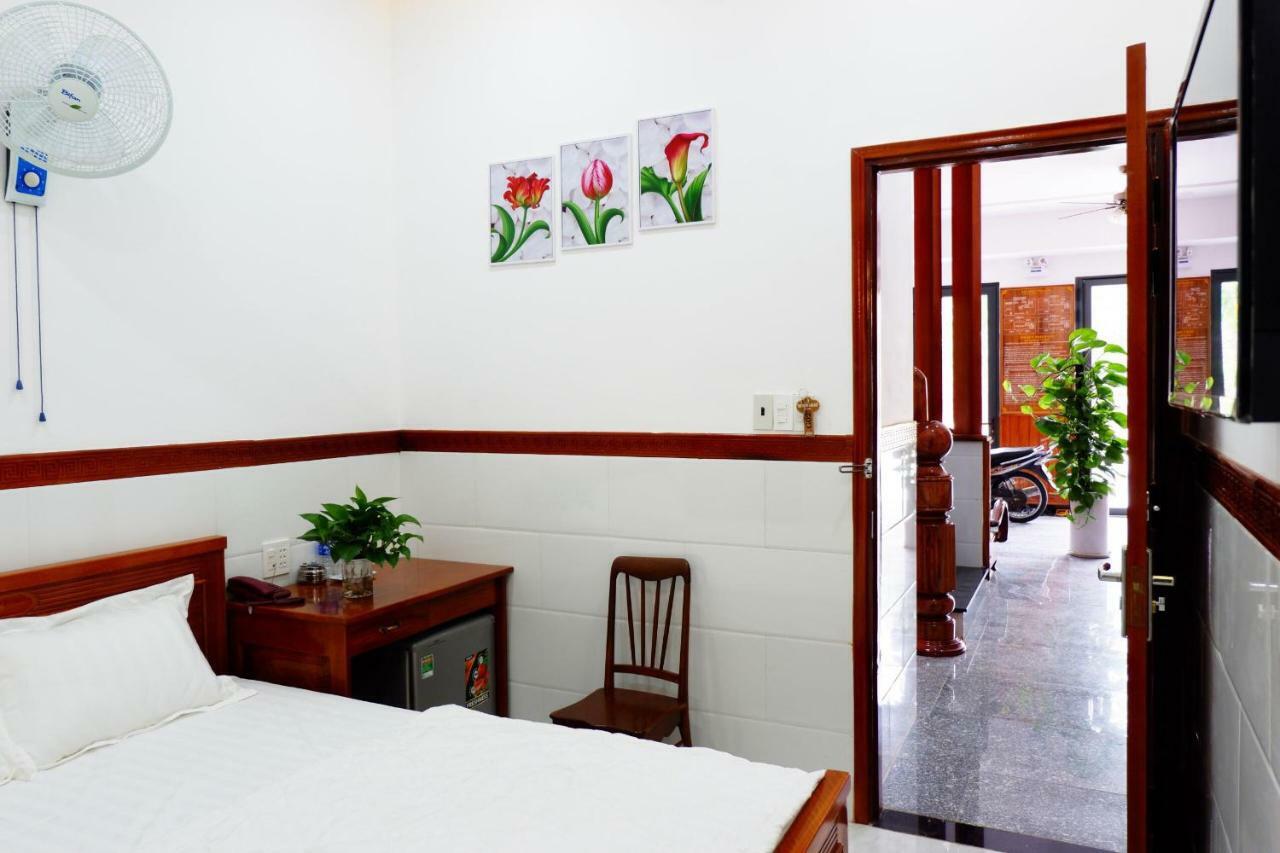 Thy Hung Legacy Hotel Tuy Hoa Bagian luar foto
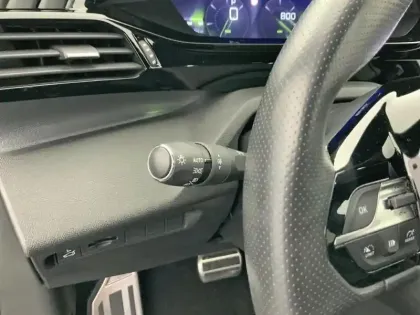 Photo 17 Peugeot 408  PureTech 130 ch S&S EAT8 GT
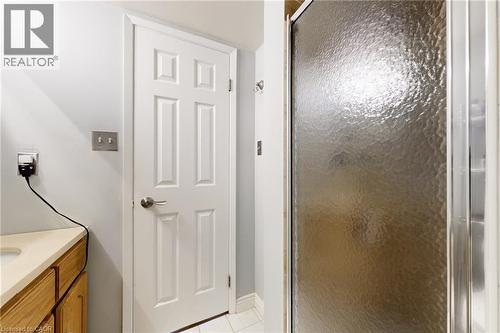 432 Main Street Unit# 1002, Hamilton, ON - Indoor Photo Showing Bathroom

WHAT THE TASK ASKS:
Give the data again word for word, without pictures.

PROBLEM SOLUTION:
 Thy Hung Legacy Hotel Tuy Hoa Bagian luar foto
 Photo 17 Peugeot 408  PureTech 130 ch S&S EAT8 GT
 432 Main Street Unit# 1002, Hamilton, ON - Indoor Photo Showing Bathroom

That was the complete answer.